Baroness Eaton
Main Page: Baroness Eaton (Conservative - Life peer)Department Debates - View all Baroness Eaton's debates with the Cabinet Office
(10 years, 9 months ago)
Grand CommitteeMy Lords, a fair society is an open society, one in which every individual is free to succeed. The lack of social mobility is damaging to individuals and leaves countries’ economic potential unfulfilled. That is why improving social mobility is the principal goal of Her Majesty’s Government’s social policy.
Her Majesty’s Government have recognised that things can be done to aid the development of social mobility. Some examples are the creation of the business compact to encourage fair access to job opportunities; the increase in the pupil premium; access to early years education for two year-olds; the youth contract; and the increase in the availability of apprenticeships. Evidence shows that improvements are being made in some areas but there is still more that can be done.

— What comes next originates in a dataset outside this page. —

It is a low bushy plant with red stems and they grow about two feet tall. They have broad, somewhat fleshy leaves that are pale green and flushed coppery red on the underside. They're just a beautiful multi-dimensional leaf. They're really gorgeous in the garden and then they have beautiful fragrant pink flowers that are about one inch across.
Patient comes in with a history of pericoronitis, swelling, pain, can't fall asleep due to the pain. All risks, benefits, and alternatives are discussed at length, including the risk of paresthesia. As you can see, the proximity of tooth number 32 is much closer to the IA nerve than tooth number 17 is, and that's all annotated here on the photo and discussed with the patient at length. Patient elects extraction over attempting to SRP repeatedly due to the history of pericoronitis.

In May 2012 the Social Mobility APPG published a report, Seven Key Truths about Social Mobility. I thank the noble Baroness, Lady Tyler, who is in her place, and the members of the APPG for their work in this area. The report identified that character and resilience are the missing link in mobility,
“a force at play throughout the lifecycle but too often overlooked in favour of more tangible, easier-to- measure factors”.
So what can be defined as character and resilience? What characteristics does an individual possess that make for resilience? The list is long: tenacity and perseverance; the ability to overcome obstacles; self-esteem; self-discipline; aspiration and expectation; understanding the relationship between effort and reward; and staying power and self-reliance.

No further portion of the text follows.